### Data for this exercise
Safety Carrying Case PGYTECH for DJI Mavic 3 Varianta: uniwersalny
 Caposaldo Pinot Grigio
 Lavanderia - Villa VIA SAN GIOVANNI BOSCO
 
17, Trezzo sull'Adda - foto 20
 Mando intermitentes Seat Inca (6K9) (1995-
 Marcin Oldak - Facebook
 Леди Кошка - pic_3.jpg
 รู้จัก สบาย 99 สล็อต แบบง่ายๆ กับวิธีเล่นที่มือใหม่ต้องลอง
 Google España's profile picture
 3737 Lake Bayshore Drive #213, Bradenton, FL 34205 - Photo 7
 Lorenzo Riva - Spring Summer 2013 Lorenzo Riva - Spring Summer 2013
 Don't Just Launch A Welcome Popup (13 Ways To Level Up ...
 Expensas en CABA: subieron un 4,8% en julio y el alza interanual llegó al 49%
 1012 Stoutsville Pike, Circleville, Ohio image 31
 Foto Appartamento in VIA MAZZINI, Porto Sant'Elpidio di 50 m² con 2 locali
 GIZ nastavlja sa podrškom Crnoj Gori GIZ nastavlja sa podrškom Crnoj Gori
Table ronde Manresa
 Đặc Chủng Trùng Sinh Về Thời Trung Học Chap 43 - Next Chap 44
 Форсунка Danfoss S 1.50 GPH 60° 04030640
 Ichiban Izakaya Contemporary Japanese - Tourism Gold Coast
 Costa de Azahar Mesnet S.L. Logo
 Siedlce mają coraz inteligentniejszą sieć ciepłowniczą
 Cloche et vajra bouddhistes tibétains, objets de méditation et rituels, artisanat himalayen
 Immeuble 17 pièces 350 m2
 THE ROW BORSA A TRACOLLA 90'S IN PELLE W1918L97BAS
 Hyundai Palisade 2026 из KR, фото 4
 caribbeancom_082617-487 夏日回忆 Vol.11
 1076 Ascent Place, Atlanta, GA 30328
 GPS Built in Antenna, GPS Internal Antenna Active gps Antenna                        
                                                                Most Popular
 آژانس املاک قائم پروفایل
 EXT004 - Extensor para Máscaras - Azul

### Task directions
All that belongs in the answer is the run of lines above from the line containing "Google España's profile picture" through the line containing "1012 Stoutsville Pike, Circleville, Ohio", exactly as written.

### Result of this task
 Google España's profile picture
 3737 Lake Bayshore Drive #213, Bradenton, FL 34205 - Photo 7
 Lorenzo Riva - Spring Summer 2013 Lorenzo Riva - Spring Summer 2013
 Don't Just Launch A Welcome Popup (13 Ways To Level Up ...
 Expensas en CABA: subieron un 4,8% en julio y el alza interanual llegó al 49%
 1012 Stoutsville Pike, Circleville, Ohio image 31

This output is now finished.